**Problem to work on**
The answer must be every line below that contains the string "Dining".

Supplied data START

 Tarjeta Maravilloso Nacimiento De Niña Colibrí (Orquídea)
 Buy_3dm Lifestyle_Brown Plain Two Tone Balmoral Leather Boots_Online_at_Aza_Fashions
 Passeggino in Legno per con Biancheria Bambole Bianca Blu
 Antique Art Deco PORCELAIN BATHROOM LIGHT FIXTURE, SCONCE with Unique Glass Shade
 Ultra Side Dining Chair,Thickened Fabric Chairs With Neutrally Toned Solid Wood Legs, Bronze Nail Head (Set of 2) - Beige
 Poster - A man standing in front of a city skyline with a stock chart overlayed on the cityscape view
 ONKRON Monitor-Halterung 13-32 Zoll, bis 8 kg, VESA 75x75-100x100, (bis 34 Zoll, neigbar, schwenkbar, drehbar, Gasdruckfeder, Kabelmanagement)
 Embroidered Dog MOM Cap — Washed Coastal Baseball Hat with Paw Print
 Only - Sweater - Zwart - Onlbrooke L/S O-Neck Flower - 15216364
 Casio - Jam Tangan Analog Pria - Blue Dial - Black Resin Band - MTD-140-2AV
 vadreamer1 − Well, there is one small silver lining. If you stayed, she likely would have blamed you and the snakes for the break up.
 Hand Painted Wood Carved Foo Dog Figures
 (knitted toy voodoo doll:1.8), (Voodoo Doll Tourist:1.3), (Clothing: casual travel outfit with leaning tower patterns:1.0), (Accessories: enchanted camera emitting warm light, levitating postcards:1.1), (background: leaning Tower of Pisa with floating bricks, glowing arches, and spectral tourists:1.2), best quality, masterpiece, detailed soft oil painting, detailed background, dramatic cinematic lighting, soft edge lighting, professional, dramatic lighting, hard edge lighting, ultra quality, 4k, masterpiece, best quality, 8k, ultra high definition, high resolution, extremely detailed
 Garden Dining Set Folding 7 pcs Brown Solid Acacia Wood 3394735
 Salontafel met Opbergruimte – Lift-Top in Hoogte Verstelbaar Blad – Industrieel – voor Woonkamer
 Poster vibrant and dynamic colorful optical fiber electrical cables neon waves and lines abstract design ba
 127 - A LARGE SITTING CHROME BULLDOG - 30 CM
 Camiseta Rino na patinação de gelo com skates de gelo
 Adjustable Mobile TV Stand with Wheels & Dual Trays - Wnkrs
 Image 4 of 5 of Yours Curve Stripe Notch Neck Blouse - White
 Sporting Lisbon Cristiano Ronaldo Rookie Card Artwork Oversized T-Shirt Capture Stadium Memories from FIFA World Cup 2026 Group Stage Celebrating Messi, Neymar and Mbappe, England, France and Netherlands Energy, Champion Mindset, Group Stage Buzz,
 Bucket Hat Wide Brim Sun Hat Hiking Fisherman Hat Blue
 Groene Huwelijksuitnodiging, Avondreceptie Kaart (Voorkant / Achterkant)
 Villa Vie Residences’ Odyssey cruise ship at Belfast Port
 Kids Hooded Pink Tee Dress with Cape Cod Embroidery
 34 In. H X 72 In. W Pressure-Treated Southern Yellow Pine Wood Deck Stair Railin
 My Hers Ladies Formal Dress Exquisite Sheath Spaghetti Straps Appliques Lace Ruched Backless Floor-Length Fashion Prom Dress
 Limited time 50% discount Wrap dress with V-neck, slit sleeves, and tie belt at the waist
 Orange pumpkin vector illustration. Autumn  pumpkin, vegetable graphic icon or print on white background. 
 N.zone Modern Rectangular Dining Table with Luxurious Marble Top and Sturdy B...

Supplied data END

**Solution to this exercise**
 Ultra Side Dining Chair,Thickened Fabric Chairs With Neutrally Toned Solid Wood Legs, Bronze Nail Head (Set of 2) - Beige
 Garden Dining Set Folding 7 pcs Brown Solid Acacia Wood 3394735
 N.zone Modern Rectangular Dining Table with Luxurious Marble Top and Sturdy B...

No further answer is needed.